James Kenneth Dunaway (September 3, 1941 – May 12, 2018) was an American football player.  A defensive tackle, he played college football at the University of Mississippi, and played professionally in the American Football League for the Buffalo Bills, as part of a defensive line that held opposing runners without a rushing touchdown for a pro football record seventeen consecutive games in the 1964 and 1965 AFL seasons.

Murder charge and aftermath 
On July 27, 1998, Dunaway's ex-wife, Nonniel Dunaway, was found dead in a half-empty swimming pool. An autopsy revealed that she had a fractured skull and was unconscious when she was placed in the water by her assailant where she drowned.

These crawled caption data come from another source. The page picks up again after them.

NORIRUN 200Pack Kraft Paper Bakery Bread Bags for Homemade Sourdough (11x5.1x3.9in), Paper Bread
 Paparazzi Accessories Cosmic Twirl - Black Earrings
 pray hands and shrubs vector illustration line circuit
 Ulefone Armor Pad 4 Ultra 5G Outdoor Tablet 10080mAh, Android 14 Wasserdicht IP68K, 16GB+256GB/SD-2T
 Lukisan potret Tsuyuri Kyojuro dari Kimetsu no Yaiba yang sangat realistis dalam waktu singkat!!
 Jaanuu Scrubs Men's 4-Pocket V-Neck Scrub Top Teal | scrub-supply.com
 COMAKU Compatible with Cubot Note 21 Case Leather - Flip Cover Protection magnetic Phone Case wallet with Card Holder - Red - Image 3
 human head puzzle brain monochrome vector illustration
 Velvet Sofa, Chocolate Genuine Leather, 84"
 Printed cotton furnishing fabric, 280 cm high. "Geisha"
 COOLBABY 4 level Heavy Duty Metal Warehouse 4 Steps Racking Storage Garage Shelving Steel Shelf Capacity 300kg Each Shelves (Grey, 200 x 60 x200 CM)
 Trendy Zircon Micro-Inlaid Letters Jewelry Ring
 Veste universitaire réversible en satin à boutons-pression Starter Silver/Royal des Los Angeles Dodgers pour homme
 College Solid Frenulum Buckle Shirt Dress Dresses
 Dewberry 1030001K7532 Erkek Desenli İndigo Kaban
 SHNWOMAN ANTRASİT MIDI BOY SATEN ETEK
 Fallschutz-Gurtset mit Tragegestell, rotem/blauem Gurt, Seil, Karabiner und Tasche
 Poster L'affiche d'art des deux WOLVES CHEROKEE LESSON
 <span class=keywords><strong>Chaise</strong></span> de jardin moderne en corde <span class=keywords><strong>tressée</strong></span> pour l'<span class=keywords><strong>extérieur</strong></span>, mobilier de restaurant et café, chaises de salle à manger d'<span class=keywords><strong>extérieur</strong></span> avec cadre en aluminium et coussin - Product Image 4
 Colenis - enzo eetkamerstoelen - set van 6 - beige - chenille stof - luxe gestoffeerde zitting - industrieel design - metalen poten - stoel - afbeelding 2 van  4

Prior to this event, she had won a divorce judgment which gave her more than  of property that the couple owned, $1,800 a month in alimony and half of Dunaway's NFL pension. They had been divorced since 1995 and Dunaway was planning to appeal.

Dunaway was charged with her murder but a grand jury chose not to indict Dunaway of the charges. In response, his children filed a wrongful death lawsuit, alleging that Dunaway was responsible for their mother's death. In 2002, Dunaway was found liable and ordered to pay $579,000 to his children.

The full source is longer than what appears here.